Return, exactly and in full, the lines of the records below starting at the one with "容量の比較チャート(一合瓶 180m・一合 180m・二合瓶" and ending at the one with "Triangle Number Pythagorean", and no other lines.

◆ Short text fragments from websites
□ □ □ □ □
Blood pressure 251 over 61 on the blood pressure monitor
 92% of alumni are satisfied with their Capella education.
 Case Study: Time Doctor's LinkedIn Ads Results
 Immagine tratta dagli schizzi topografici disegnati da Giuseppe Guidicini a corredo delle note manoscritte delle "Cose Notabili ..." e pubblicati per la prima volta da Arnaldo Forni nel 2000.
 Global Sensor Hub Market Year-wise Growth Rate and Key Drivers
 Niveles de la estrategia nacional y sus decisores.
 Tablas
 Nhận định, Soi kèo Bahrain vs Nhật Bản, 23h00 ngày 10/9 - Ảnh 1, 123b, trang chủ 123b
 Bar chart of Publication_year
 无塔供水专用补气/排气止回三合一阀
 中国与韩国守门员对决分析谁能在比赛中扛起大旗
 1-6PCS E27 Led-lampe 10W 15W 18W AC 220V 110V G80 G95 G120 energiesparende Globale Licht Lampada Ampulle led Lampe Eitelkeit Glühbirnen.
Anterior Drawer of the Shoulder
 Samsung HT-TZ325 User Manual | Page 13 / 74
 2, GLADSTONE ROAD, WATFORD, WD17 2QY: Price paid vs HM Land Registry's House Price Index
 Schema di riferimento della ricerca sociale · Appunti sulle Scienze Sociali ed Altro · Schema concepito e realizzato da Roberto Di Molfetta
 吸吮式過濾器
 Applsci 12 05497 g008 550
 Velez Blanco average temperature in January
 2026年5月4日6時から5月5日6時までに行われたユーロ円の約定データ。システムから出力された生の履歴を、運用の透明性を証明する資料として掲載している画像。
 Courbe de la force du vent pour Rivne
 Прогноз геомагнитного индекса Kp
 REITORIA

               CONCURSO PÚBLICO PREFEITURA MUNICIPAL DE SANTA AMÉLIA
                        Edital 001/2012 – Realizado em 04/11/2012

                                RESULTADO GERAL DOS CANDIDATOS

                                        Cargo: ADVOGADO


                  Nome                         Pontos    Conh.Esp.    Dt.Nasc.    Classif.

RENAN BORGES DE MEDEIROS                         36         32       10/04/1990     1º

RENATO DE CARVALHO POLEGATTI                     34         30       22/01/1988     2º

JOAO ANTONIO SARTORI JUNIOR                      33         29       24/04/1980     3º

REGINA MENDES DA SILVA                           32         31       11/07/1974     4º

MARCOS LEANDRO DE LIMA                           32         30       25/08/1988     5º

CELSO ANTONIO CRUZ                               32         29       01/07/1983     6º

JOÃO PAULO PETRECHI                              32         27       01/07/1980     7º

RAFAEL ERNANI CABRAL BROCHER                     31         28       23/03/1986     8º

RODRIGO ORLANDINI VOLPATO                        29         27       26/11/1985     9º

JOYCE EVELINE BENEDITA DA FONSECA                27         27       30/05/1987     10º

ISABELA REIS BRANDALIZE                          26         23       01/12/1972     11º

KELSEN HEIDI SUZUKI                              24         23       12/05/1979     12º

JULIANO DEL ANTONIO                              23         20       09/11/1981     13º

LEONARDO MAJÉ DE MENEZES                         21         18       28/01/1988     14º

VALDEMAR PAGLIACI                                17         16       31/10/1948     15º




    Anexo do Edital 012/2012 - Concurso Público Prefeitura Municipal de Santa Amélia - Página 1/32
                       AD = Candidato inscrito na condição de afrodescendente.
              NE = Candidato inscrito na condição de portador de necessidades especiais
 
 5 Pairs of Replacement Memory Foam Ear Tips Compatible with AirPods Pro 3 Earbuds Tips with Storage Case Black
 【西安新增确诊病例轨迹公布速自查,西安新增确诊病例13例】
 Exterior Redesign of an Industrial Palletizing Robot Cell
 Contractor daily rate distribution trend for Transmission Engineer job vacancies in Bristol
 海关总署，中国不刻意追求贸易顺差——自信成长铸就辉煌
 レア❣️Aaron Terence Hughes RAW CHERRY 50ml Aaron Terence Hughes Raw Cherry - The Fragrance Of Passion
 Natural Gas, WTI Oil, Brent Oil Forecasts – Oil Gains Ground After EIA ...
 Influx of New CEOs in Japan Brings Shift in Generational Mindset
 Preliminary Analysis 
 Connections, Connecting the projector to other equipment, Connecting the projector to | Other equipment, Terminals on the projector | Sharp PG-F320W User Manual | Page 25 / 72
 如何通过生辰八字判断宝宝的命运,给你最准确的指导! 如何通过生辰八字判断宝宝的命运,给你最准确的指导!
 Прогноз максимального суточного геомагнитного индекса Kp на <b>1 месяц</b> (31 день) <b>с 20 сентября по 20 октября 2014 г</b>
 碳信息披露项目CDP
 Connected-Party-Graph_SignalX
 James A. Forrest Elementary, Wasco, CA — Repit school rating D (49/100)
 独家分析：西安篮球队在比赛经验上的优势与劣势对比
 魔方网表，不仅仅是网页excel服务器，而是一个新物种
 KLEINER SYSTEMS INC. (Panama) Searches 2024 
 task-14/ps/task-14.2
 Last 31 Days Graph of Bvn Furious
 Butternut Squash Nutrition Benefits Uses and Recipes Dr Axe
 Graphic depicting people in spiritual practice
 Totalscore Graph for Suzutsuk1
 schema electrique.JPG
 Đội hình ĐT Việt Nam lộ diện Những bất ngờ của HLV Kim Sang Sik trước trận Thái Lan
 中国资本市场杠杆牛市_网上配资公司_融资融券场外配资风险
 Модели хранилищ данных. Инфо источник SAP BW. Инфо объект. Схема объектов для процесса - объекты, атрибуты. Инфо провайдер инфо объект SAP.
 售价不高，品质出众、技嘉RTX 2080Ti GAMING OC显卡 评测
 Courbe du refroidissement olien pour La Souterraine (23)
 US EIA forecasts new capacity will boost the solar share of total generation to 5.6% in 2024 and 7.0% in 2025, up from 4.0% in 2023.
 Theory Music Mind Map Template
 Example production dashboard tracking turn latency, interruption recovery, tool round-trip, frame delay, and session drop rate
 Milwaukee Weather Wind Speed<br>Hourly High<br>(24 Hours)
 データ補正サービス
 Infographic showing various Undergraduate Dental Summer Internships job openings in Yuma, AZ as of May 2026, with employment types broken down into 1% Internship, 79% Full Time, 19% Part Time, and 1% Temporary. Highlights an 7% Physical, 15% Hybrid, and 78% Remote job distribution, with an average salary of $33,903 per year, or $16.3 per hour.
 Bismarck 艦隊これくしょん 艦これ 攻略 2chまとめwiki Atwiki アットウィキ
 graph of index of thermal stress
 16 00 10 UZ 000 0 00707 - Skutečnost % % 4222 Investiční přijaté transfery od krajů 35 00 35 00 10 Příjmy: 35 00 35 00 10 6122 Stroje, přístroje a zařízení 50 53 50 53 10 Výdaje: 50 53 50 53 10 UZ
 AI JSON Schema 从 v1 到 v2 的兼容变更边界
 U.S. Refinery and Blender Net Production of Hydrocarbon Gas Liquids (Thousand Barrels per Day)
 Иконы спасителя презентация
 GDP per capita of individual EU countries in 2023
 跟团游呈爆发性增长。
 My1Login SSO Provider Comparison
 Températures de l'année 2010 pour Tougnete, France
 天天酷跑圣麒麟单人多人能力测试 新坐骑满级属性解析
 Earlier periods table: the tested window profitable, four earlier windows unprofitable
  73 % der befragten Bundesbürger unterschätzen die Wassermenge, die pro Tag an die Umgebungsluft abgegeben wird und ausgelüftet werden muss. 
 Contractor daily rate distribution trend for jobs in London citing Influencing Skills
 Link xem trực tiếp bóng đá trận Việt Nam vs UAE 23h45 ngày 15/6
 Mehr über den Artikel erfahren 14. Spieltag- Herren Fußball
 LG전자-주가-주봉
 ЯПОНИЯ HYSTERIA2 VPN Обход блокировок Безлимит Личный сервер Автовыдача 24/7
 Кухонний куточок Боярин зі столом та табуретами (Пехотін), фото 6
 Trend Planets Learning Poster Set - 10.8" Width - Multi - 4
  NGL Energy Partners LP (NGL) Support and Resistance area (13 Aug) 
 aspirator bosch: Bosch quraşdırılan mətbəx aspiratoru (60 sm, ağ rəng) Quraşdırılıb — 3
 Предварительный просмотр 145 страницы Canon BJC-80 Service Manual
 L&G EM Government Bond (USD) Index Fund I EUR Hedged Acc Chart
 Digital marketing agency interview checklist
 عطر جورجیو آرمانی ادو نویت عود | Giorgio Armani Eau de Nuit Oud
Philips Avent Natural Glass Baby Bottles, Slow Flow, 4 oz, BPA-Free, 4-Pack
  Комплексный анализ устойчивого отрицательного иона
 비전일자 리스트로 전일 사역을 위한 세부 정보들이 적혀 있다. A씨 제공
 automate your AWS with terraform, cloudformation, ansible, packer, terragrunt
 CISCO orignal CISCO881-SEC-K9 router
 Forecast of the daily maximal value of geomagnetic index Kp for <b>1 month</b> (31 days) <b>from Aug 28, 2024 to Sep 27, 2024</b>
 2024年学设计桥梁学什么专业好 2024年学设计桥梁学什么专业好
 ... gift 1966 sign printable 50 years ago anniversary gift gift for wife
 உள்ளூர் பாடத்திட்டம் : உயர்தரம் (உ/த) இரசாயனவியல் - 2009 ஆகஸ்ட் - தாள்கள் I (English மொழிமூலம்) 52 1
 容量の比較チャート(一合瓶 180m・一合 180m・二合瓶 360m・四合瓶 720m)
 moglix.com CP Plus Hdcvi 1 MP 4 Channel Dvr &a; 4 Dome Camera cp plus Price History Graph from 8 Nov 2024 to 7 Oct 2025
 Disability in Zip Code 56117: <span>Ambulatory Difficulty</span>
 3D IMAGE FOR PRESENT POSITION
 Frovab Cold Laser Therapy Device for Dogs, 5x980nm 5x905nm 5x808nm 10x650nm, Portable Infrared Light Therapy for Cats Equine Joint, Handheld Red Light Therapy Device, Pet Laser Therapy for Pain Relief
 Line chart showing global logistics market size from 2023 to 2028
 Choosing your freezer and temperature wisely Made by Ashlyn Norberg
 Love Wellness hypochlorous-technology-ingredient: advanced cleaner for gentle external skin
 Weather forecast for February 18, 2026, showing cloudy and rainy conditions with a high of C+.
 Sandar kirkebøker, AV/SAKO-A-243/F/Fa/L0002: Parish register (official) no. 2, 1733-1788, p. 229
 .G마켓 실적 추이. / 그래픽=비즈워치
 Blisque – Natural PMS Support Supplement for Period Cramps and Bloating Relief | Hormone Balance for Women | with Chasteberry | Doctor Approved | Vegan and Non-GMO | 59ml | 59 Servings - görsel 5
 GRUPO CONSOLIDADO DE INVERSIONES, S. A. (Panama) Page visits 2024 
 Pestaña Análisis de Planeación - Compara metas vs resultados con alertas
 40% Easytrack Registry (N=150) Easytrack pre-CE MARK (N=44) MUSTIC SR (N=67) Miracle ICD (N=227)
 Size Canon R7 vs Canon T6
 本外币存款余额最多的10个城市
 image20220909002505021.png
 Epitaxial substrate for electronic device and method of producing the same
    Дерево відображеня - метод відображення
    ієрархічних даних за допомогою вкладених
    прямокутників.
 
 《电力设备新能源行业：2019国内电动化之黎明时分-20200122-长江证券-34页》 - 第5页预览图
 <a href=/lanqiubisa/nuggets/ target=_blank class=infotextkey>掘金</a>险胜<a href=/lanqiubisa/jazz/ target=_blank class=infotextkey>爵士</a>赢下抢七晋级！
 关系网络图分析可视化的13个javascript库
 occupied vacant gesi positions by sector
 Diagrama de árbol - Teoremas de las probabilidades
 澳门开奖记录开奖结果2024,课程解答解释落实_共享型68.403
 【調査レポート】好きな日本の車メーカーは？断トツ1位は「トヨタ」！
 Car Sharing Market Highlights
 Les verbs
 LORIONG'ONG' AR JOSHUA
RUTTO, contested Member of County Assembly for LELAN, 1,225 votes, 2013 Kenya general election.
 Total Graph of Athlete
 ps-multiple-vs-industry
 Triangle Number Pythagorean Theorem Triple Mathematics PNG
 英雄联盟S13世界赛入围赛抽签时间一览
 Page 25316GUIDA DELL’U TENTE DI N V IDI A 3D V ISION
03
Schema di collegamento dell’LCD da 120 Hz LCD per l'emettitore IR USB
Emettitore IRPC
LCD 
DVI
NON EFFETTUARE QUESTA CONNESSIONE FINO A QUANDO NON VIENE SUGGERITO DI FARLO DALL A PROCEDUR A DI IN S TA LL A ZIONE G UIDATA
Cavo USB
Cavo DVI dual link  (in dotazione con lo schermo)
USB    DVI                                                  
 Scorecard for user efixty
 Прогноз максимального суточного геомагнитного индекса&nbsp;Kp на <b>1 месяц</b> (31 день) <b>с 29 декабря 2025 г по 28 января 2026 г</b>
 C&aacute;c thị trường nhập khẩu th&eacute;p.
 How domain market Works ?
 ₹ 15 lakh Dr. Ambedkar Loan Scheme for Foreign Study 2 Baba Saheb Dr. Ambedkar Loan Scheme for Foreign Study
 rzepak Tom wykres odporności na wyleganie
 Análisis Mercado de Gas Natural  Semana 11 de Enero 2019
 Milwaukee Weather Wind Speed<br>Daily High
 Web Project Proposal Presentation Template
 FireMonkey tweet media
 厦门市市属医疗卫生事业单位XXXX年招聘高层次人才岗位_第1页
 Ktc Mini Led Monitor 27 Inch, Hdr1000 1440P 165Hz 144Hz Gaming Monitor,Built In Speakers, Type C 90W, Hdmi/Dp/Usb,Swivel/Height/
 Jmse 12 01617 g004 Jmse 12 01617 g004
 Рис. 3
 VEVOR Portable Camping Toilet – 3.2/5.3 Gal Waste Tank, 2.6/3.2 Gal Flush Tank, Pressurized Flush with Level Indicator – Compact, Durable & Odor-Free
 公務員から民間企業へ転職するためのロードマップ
□ □ □ □ □
◆ The answer
 容量の比較チャート(一合瓶 180m・一合 180m・二合瓶 360m・四合瓶 720m)
 moglix.com CP Plus Hdcvi 1 MP 4 Channel Dvr &a; 4 Dome Camera cp plus Price History Graph from 8 Nov 2024 to 7 Oct 2025
 Disability in Zip Code 56117: <span>Ambulatory Difficulty</span>
 3D IMAGE FOR PRESENT POSITION
 Frovab Cold Laser Therapy Device for Dogs, 5x980nm 5x905nm 5x808nm 10x650nm, Portable Infrared Light Therapy for Cats Equine Joint, Handheld Red Light Therapy Device, Pet Laser Therapy for Pain Relief
 Line chart showing global logistics market size from 2023 to 2028
 Choosing your freezer and temperature wisely Made by Ashlyn Norberg
 Love Wellness hypochlorous-technology-ingredient: advanced cleaner for gentle external skin
 Weather forecast for February 18, 2026, showing cloudy and rainy conditions with a high of C+.
 Sandar kirkebøker, AV/SAKO-A-243/F/Fa/L0002: Parish register (official) no. 2, 1733-1788, p. 229
 .G마켓 실적 추이. / 그래픽=비즈워치
 Blisque – Natural PMS Support Supplement for Period Cramps and Bloating Relief | Hormone Balance for Women | with Chasteberry | Doctor Approved | Vegan and Non-GMO | 59ml | 59 Servings - görsel 5
 GRUPO CONSOLIDADO DE INVERSIONES, S. A. (Panama) Page visits 2024 
 Pestaña Análisis de Planeación - Compara metas vs resultados con alertas
 40% Easytrack Registry (N=150) Easytrack pre-CE MARK (N=44) MUSTIC SR (N=67) Miracle ICD (N=227)
 Size Canon R7 vs Canon T6
 本外币存款余额最多的10个城市
 image20220909002505021.png
 Epitaxial substrate for electronic device and method of producing the same
    Дерево відображеня - метод відображення
    ієрархічних даних за допомогою вкладених
    прямокутників.
 
 《电力设备新能源行业：2019国内电动化之黎明时分-20200122-长江证券-34页》 - 第5页预览图
 <a href=/lanqiubisa/nuggets/ target=_blank class=infotextkey>掘金</a>险胜<a href=/lanqiubisa/jazz/ target=_blank class=infotextkey>爵士</a>赢下抢七晋级！
 关系网络图分析可视化的13个javascript库
 occupied vacant gesi positions by sector
 Diagrama de árbol - Teoremas de las probabilidades
 澳门开奖记录开奖结果2024,课程解答解释落实_共享型68.403
 【調査レポート】好きな日本の車メーカーは？断トツ1位は「トヨタ」！
 Car Sharing Market Highlights
 Les verbs
 LORIONG'ONG' AR JOSHUA
RUTTO, contested Member of County Assembly for LELAN, 1,225 votes, 2013 Kenya general election.
 Total Graph of Athlete
 ps-multiple-vs-industry
 Triangle Number Pythagorean Theorem Triple Mathematics PNG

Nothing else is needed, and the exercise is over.